Thanks for the replies.
Please find attached from Revenue web site.
I refer to paragraphs :
4.2.3 Units held in a recognised clearing system (such as Exchange Traded Funds) Paragraph (III) of the definition of chargeable event in section 739B(1) provides that any transaction in relation to, or in respect of, units which are held in a recognised clearing system4 does not require the deduction of exit tax. This would be the case for an ETF where the units/shares in the underlying fund are bought and sold between investors on the stock market and are cleared through a recognised clearing system. While the fund does not have to deduct exit tax, an Irish resident unit holder will be subject to tax on income and gains arising and must self-assess and include details of income and gains in a timely filing on their income tax return to Revenue. The unit holder will be subject to tax as set out in subparagraph 4.3.3. Where the investor is subject to tax, they must account for the tax directly to Revenue as follows: Section 739G(2)(b) provides that where exit tax is not applied and the unit holder is an individual, the payment is treated as if it is a payment from an offshore fund (refer to TDM Part 27-04-01 for details regarding how to include such payments in a tax return). Section 739G(2)(f) provides that where exit tax is not applied and the unit holder is a company, the payment is treated as income taxable under Case IV, Schedule D.

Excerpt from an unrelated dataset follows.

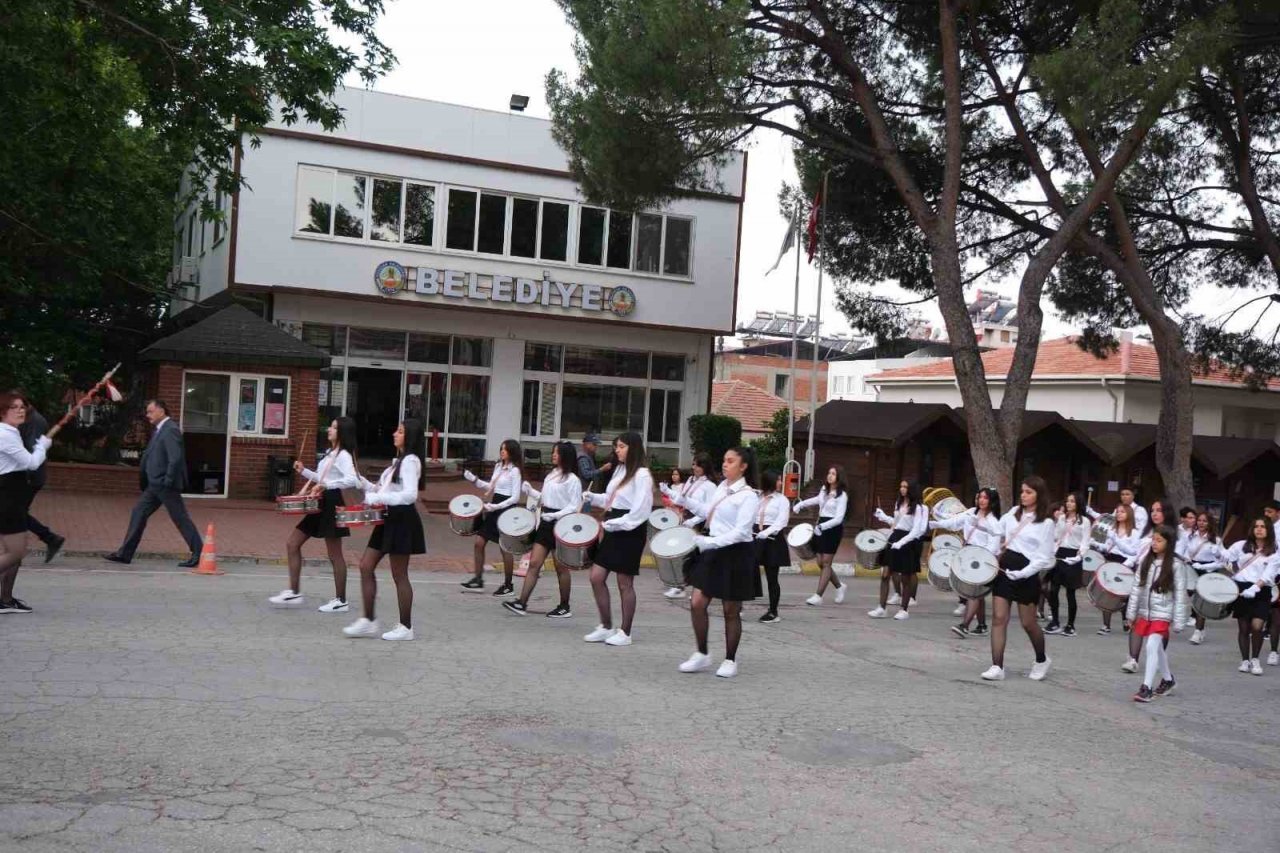 Kuyucak’ta 19 Mayıs törenleri yapıldı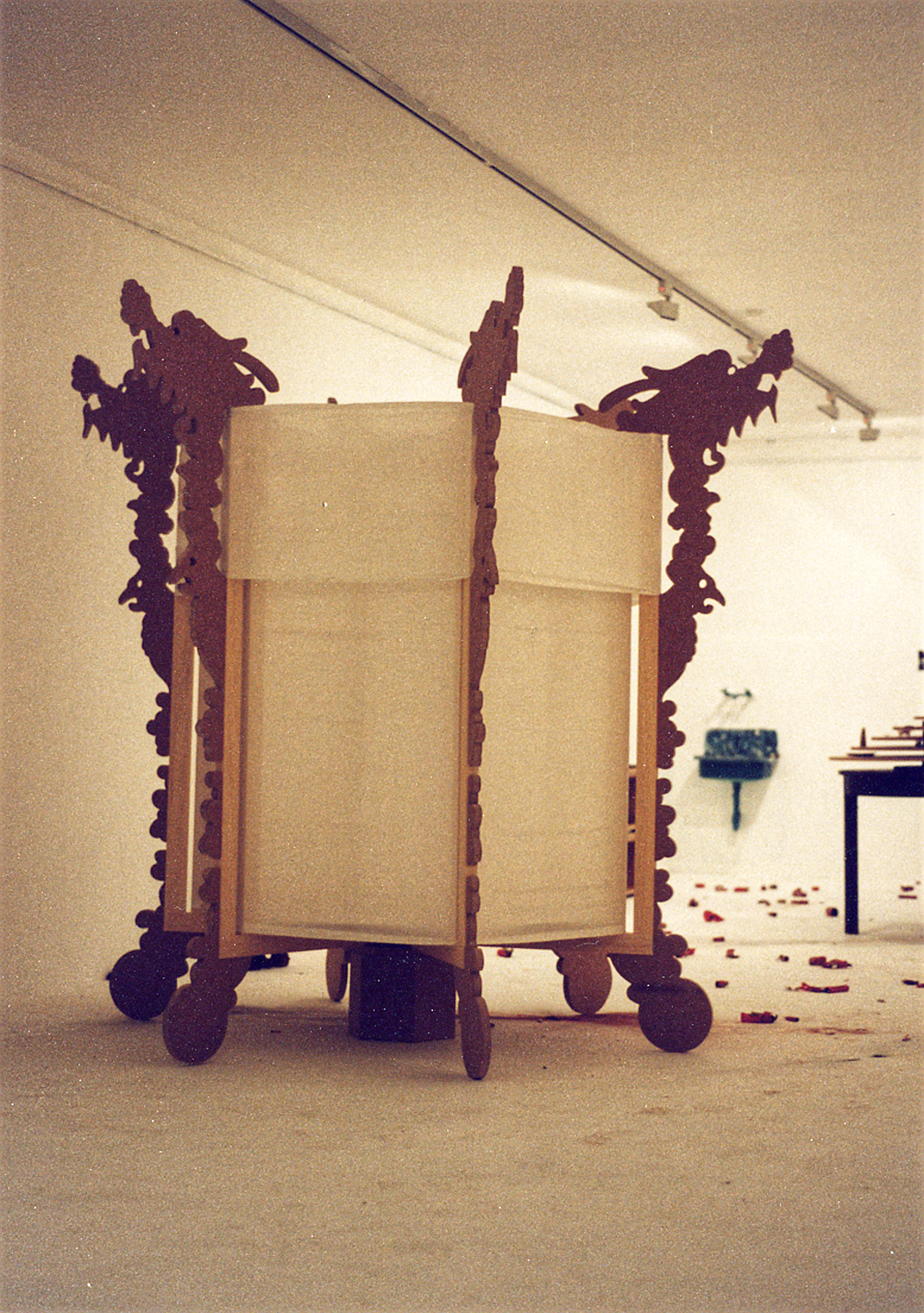 Drachenlampe, Ansicht Färberei München, 2003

4.2.4 The transfer of units between spouses or civil partners Paragraph (IV) of the definition of chargeable event in section 739B(1) provides that the transfer by a unit holder of his/her entitlement to units in a fund will not give rise to a chargeable event where the transfer is between spouses or between civil partners. Neither will a transfer between spouses or former spouses or civil partners or former civil partners, where the transfer is by virtue of an order made following the granting of a divorce, dissolution or a judicial separation in the State or recognised as valid in the State. However, on a subsequent chargeable event, the then unit holder will be regarded as having acquired the units at the same cost as the original unit holder.
Thoughts:
So paragraph 4.2.3 talks about ETF's and who is responsible for reporting and paying tax.
Paragraph 4.2.4 then says that transfers of units between spouses, "will not give rise to a chargeable event....". So, to me then, it would make sense that if a couple jointly owned a trading account and one was to die, that this death, would not trigger a "chargeable event". Why would the death cause a "chargeable event", when, when both spouses are alive they can transfer units between each other and it does not give rise to "chargeable event". It just doesn't make sense that because one of them has now died that this would be any different.